ZA🏛️ PoliticaCentro2 h fa

Il Pentagono dice che l'industria statunitense è ancora lontana di anni dal raggiungere la produzione dell'Ucraina in tempo di guerra.

L'articolo discute la lotta del Dipartimento della Difesa degli Stati Uniti per eguagliare le capacità di produzione di droni dell'Ucraina durante la guerra. Travis Metz, vice direttore dell'Unità di innovazione della Difesa, osserva che l'Ucraina prevede di produrre tra sei e sette milioni di piccoli droni d'attacco quest'anno, rispetto all'ordine cumulativo del Pentagono di poco meno di 200.000 droni entro febbraio. Gli Stati Uniti affrontano sfide a causa di nuove normative che richiedono ai droni militari di utilizzare componenti interamente di fabbricazione statunitense, in particolare citando difficoltà nell'approvvigionamento di semiconduttori.
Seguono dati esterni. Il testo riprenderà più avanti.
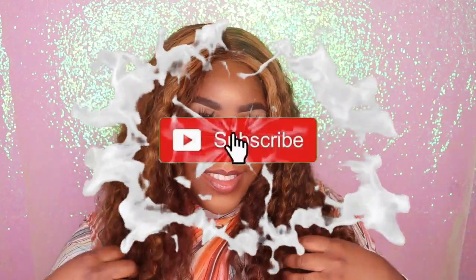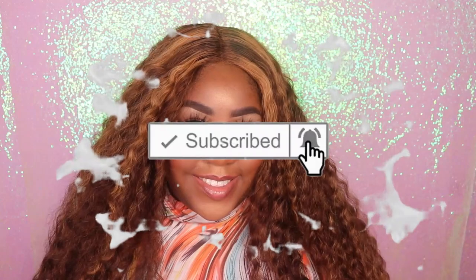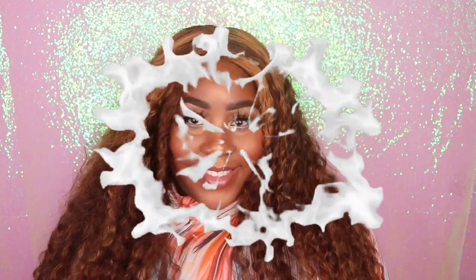As you guys can see, this wig is absolutely beautiful. I love the highlights in this wig 100%. I am going to go ahead and leave the link to this wig, along with any discount codes, down in the description box below so that you guys can go ahead and check it out. I really hope that you guys enjoyed this video. Comment down below any suggestions or questions that you guys may have. Smash that like button, and don't forget to subscribe. Bye, my beauties!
Mentre alcuni droni in precedenza includevano componenti di fabbricazione cinese, standard più rigorosi ora vietano tali componenti. Metz esprime fiducia che gli Stati Uniti potrebbero eventualmente superare l'industria dei droni dell'Ucraina, non continuando le collaborazioni in corso tra produttori ucraini e statunitensi per stabilire una produzione localizzata.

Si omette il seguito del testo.